The goats eat it when ever they get a chance, especially the flower, after it closes up and the seeds are forming, and people eat the roots, said to taste like artichoke hearts, and I think the article says people eat the greens too. I've just googled salsify plant images, and there is a good array of photos of the plant in all stages.

I did not buy the seed, I watched for seed heads driving down Plateau Creek canyon (maybe that's what it's called) on the way home from a friend's house, and gathered thousands of seeds. They germinated readily, and now I have lots of it.

I have not eaten it yet, but I like knowing I have these things which really would feed me, if I went to the trouble of digging them up.

Did I already mention evening primrose? I know there are a lot of plants that go by this name. What I have grows 4-5 feet tall, is a biennial or short lived perennial. It is kind of a ragged looking plant, begins to flower right after the equinox.

The flowers open right at dusk, pop open before your eyes and moths are right on them to pollinate. A great plant to have around because of the awe inspired by wathcing a flower open.

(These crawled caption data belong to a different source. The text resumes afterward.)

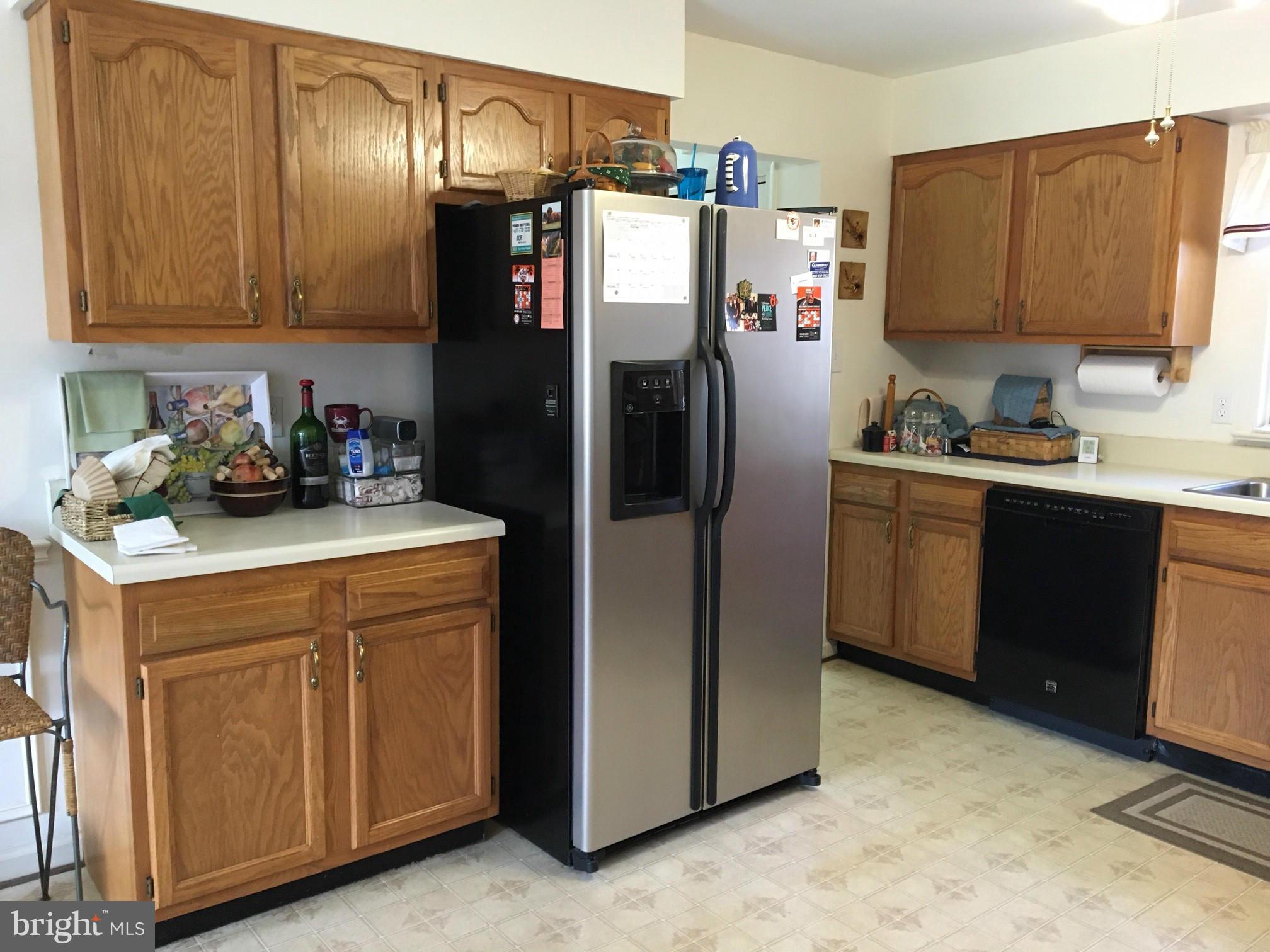 3709 Roop Road New Windsor, MD 21776 - Photo 7 of 29 Kitchen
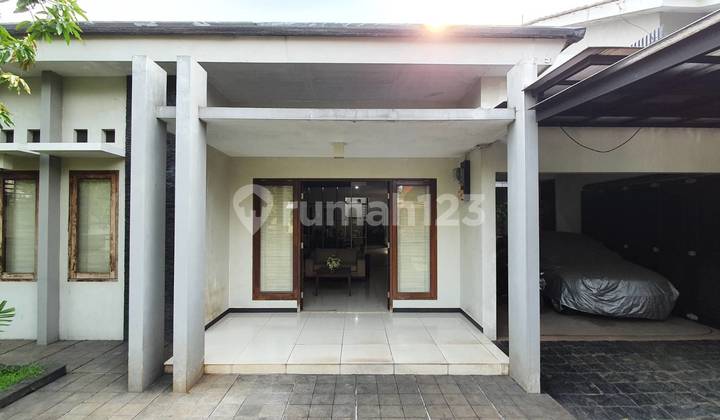Rumah Bagus 2 lantai SHM Cinere, Jakarta Selatan 2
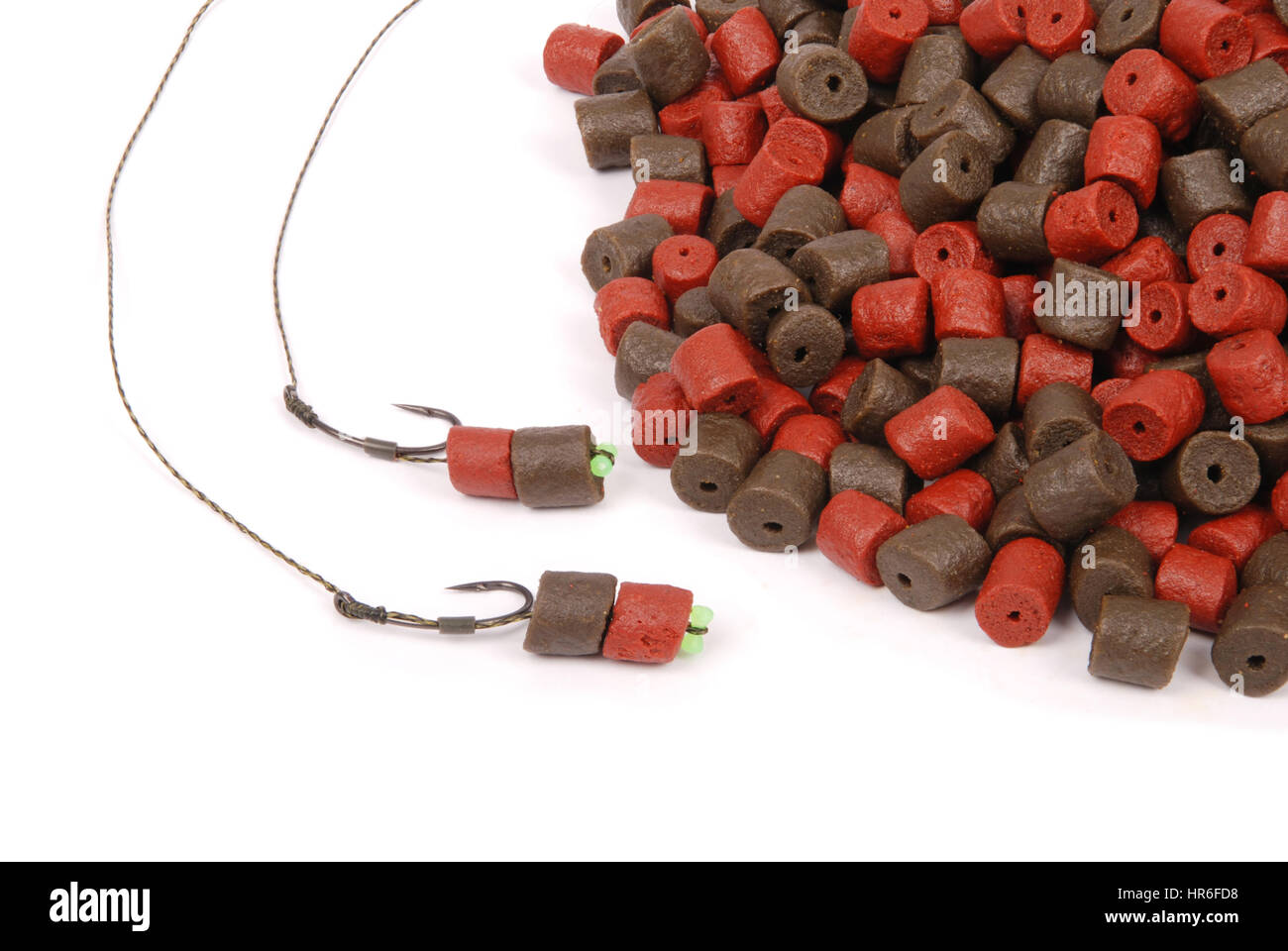 Red bait hi-res stock photography and images - Page 7 - Alamy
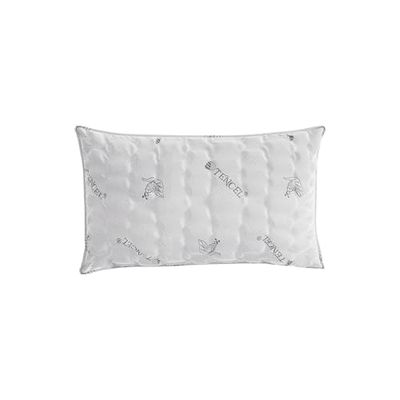 Italian Bed Linen MB Home Italy Tencel hoofdkussen, 45 x 75 cm
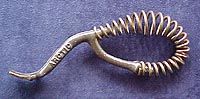 Arctic lid lifter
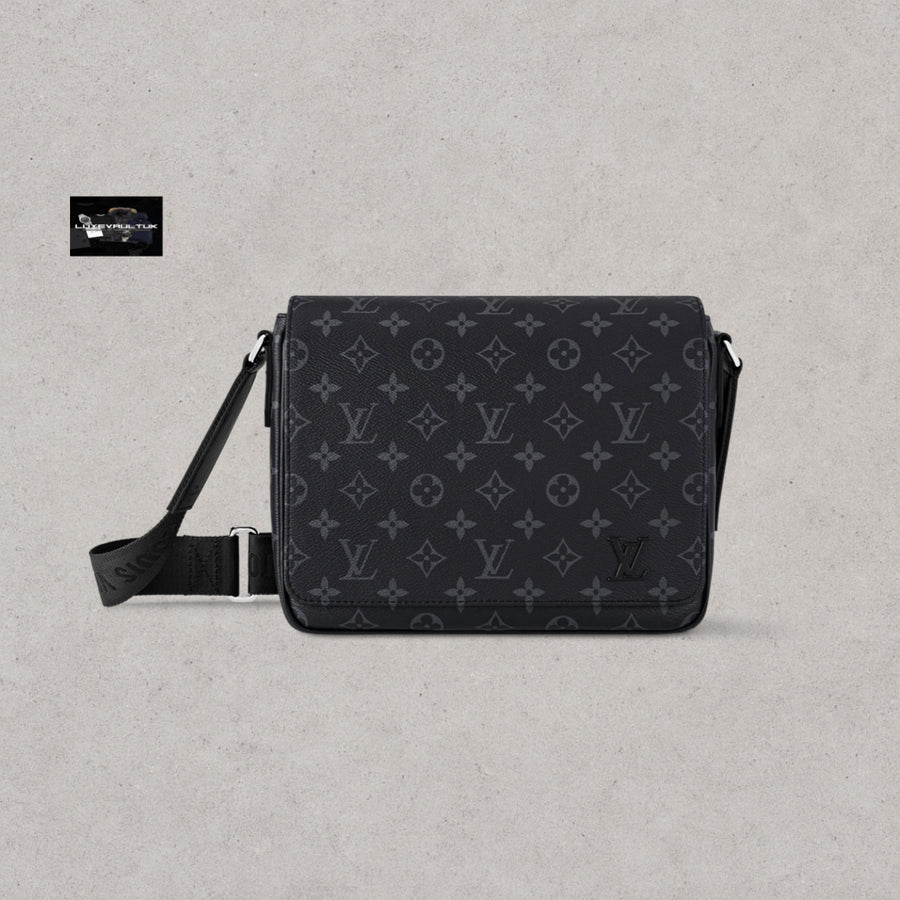Louis Vuitton District Pm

I can try to remember to photograph it later this year. It is now prolific on my place, after introduction about 7 years ago from a plant I brought with me and a grocery sack of seed pods from my friend's garden. This is why I would have to give you seeds to be sure you end up with the "right" one.

What would be really cool is to get a movie of them opening, but I would have to learn new skills to be able to do that.

I include a leaf or two in any chopped greens or green smoothie I make. Again the root is said to be edible, though I have not tried it. The seeds are tiny, but probably have the evening primrose oil in them.